--- ASSIGNMENT ---
In the entries that follow, find the line containing "Caydo 240 pièces" and the line containing "Rotating Stainless Steel", then retype exactly the lines from the first through the second, pictures excluded.

--- GIVEN RECORDS ---
════════

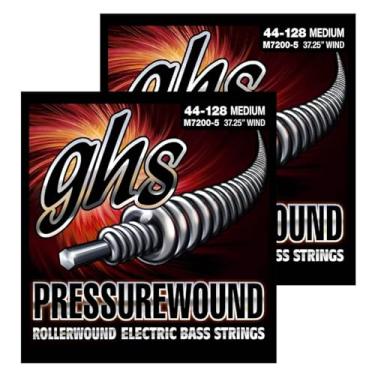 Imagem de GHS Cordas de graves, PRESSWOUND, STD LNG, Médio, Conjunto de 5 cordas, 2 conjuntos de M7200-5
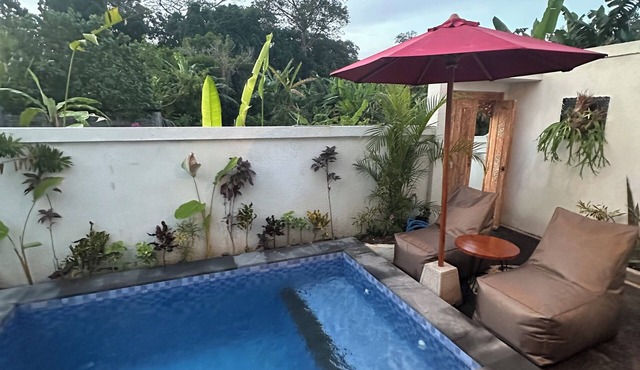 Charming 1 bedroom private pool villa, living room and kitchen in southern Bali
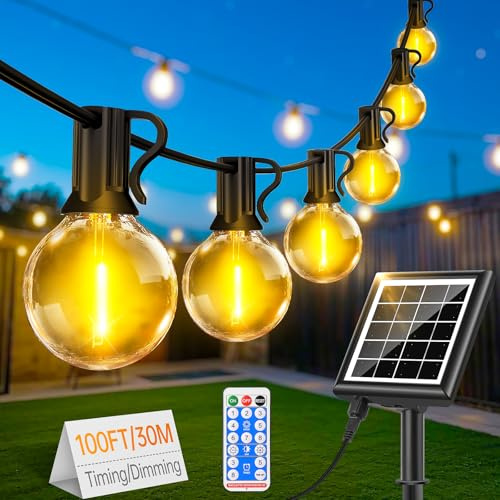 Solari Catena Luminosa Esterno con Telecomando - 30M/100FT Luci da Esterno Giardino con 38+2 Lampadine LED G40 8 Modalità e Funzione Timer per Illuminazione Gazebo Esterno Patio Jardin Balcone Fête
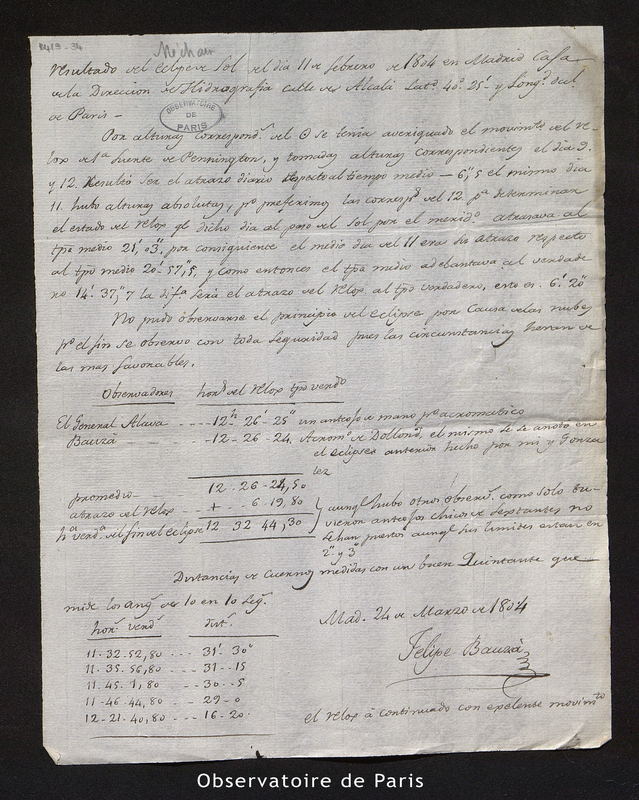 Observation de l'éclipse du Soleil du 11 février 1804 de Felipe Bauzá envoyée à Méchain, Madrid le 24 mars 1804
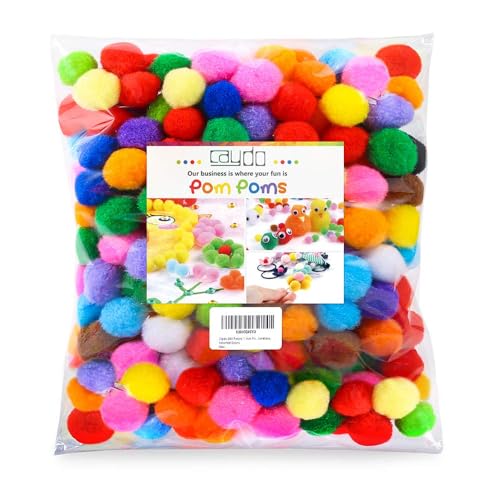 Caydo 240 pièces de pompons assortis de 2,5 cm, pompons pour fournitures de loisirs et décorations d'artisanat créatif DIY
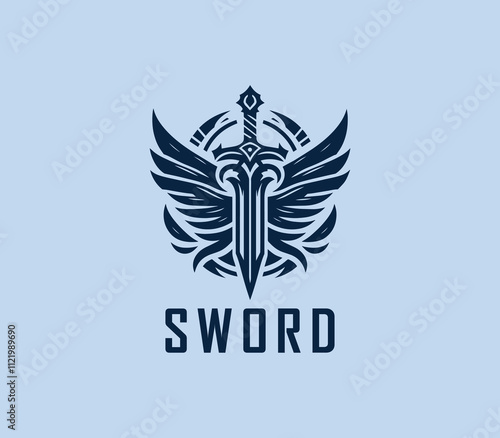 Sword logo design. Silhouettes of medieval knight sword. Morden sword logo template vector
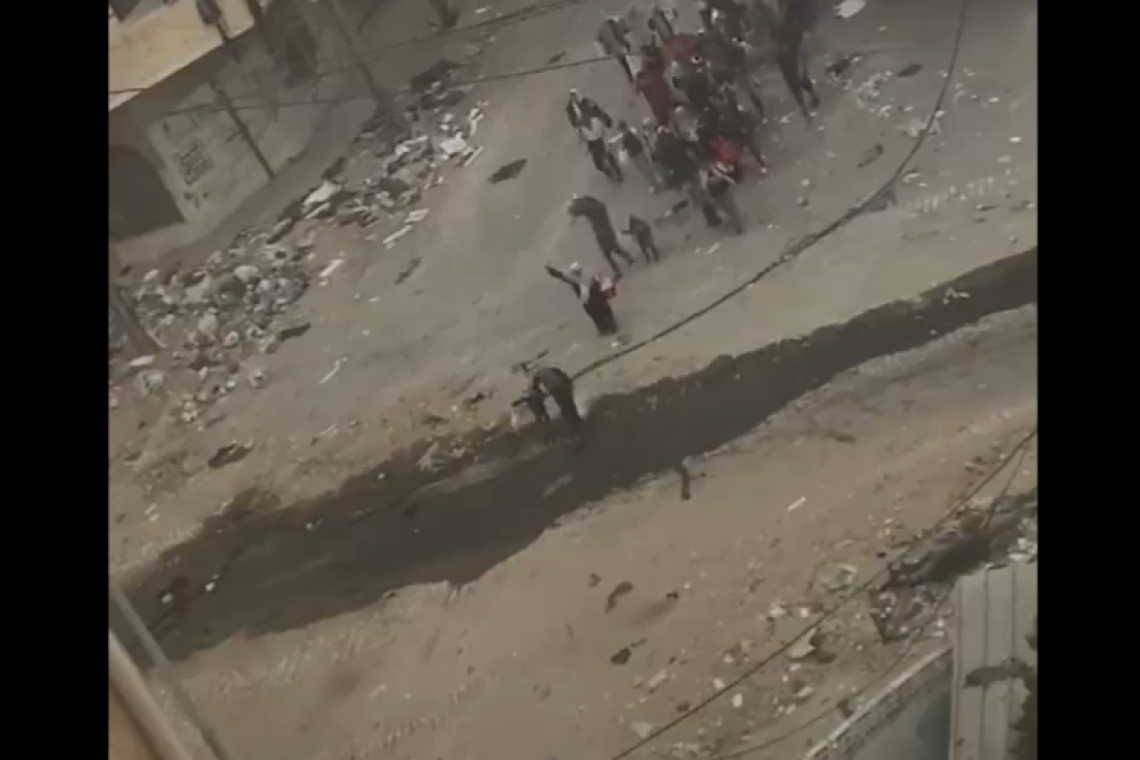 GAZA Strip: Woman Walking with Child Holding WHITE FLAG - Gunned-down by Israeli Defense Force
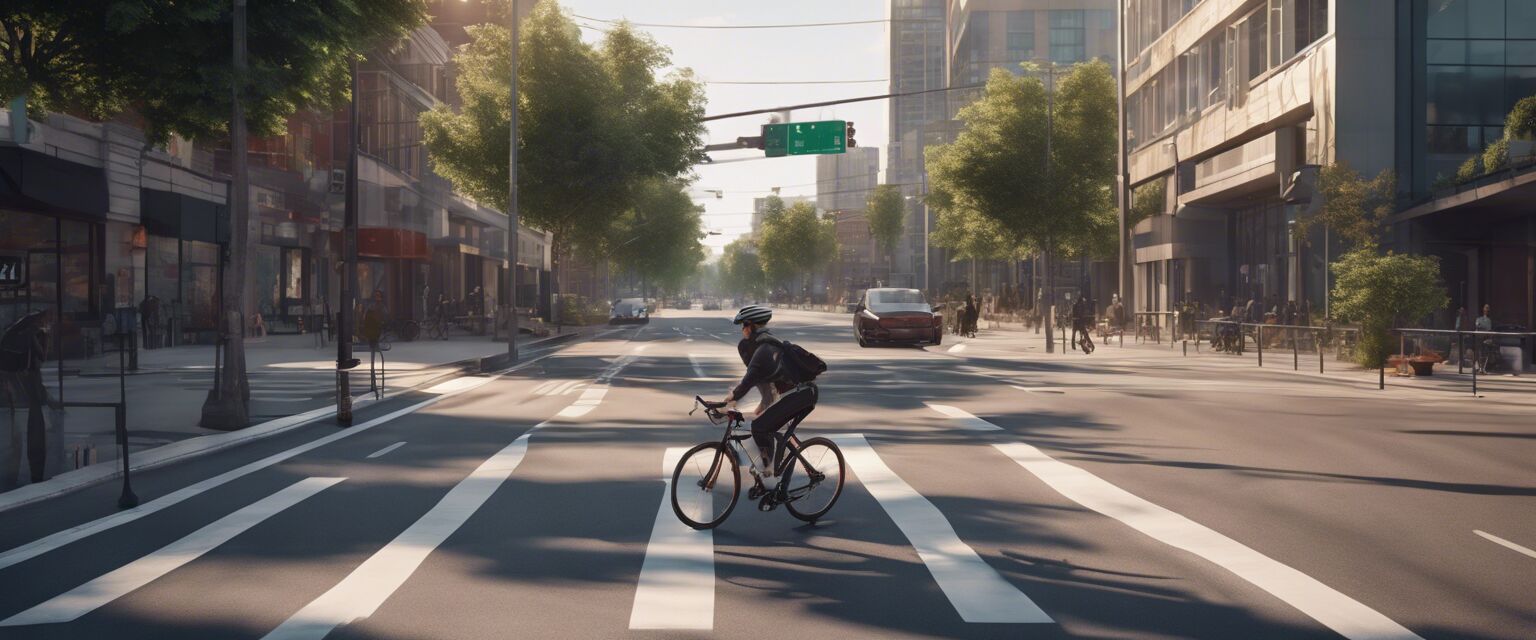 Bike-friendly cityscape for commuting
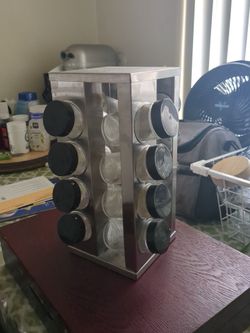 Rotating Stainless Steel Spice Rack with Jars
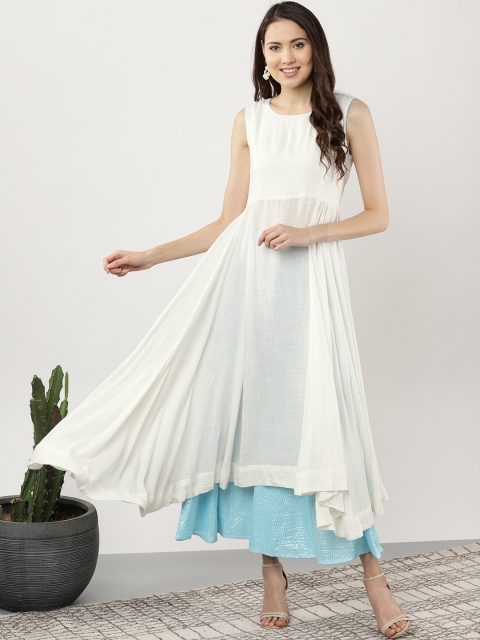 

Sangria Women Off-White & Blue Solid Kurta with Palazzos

════════

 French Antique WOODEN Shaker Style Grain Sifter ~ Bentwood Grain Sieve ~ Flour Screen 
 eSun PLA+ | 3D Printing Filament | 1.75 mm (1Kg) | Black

════════

--- WRITTEN ANSWER ---
 Caydo 240 pièces de pompons assortis de 2,5 cm, pompons pour fournitures de loisirs et décorations d'artisanat créatif DIY
 Sword logo design. Silhouettes of medieval knight sword. Morden sword logo template vector
 GAZA Strip: Woman Walking with Child Holding WHITE FLAG - Gunned-down by Israeli Defense Force
 Bike-friendly cityscape for commuting
 Rotating Stainless Steel Spice Rack with Jars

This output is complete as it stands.